[Requirement] Extract every line starting at the line that contains "Polo de Travail" and ending with the final line of the data, inclusive; give only those lines, word for word.

[The data]
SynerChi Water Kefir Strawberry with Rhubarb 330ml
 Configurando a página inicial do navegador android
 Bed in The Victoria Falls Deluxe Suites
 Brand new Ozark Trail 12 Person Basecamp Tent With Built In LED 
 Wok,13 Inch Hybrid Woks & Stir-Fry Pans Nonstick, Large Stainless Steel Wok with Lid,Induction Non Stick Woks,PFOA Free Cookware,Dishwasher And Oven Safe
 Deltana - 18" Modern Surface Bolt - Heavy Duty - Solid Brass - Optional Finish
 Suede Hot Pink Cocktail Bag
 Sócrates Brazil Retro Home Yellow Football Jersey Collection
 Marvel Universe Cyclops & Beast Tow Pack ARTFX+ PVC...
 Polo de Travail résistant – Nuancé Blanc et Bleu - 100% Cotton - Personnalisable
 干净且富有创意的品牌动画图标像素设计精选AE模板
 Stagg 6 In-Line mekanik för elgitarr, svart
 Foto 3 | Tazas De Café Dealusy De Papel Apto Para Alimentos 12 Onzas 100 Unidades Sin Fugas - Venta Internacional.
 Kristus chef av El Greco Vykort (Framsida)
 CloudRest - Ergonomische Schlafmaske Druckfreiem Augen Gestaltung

[Response to this exercise]
 Polo de Travail résistant – Nuancé Blanc et Bleu - 100% Cotton - Personnalisable
 干净且富有创意的品牌动画图标像素设计精选AE模板
 Stagg 6 In-Line mekanik för elgitarr, svart
 Foto 3 | Tazas De Café Dealusy De Papel Apto Para Alimentos 12 Onzas 100 Unidades Sin Fugas - Venta Internacional.
 Kristus chef av El Greco Vykort (Framsida)
 CloudRest - Ergonomische Schlafmaske Druckfreiem Augen Gestaltung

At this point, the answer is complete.